Hello,

I have a question about the numerical approximation and the examples prof andrew gave. I don’t understand why we take J(w+epsilon)-J(w-epsilon) rather than J(w+epsilon)-J(w) because normally the derivative is defined mathematically as the limit of J(w+epsilon)-J(w)/epsilon (epsilon–>0). I think it makes more sense than J(w+epsilon)-J(w-epsilon)/2*epsilon,didn’t it?

It’s been a while since I watched these lectures, but I’m pretty sure Andrew comments on that in the lectures. It’s the difference between a “one sided” difference and a “two sided” difference. When we are doing “real” calculus using \mathbb{R} and are taking limits as \Delta x \rightarrow 0, we don’t really have to worry because we have infinite resolution. But when we’re operating in the limited world of 64 bit floating point and have literally only 2^{64} numbers that we can represent between -\infty and +\infty, then we have to worry about this. It just turns out that when you are estimating derivatives with finite differences, the two sided differences give you better convergence behavior.

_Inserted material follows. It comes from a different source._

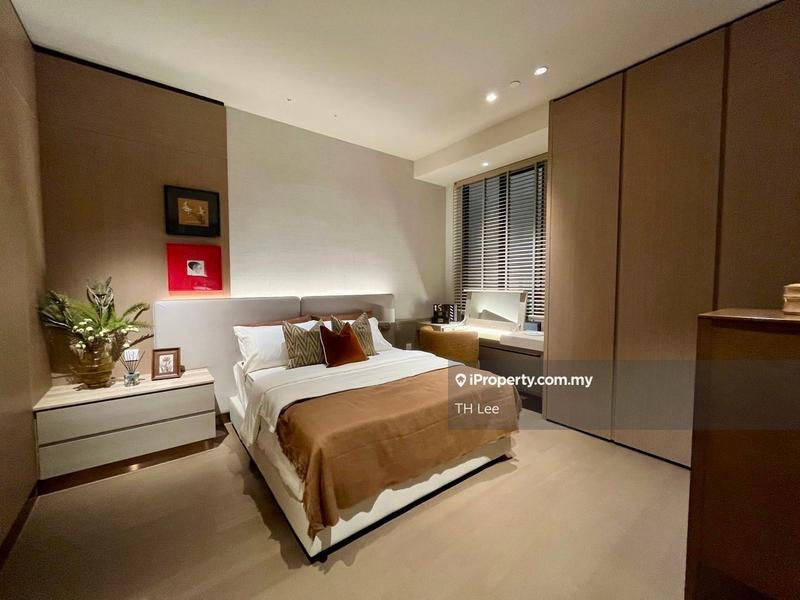 For Sale - Damansara City Residency (DC Residensi), Damansara Heights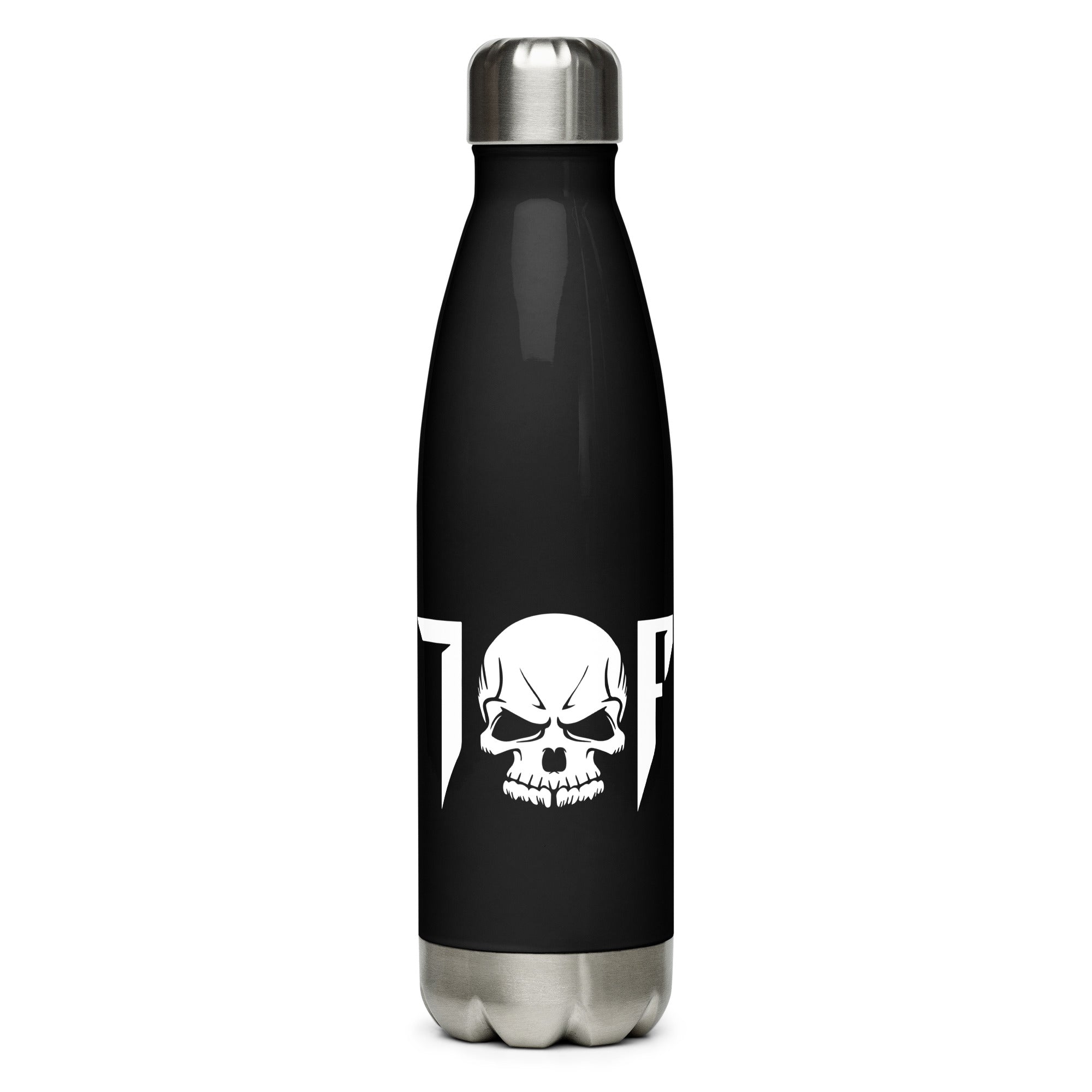 TF Stainless Steel Water Bottle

This turns out to matter a lot, because packages like TF and PyTorch use numerical approximation of gradients extensively, so this behavior has been studied carefully.

Here’s a thread with a relevant question from a different course, but which shows some experiments that demonstrate the behavior. You can probably also find articles on Wolfram or MathWorks by googling “two-sided difference”.

Got it, thank you !

Yes, Prof Ng does discuss this point starting about about 1:30 in the first lecture on this in DLS C2 W1.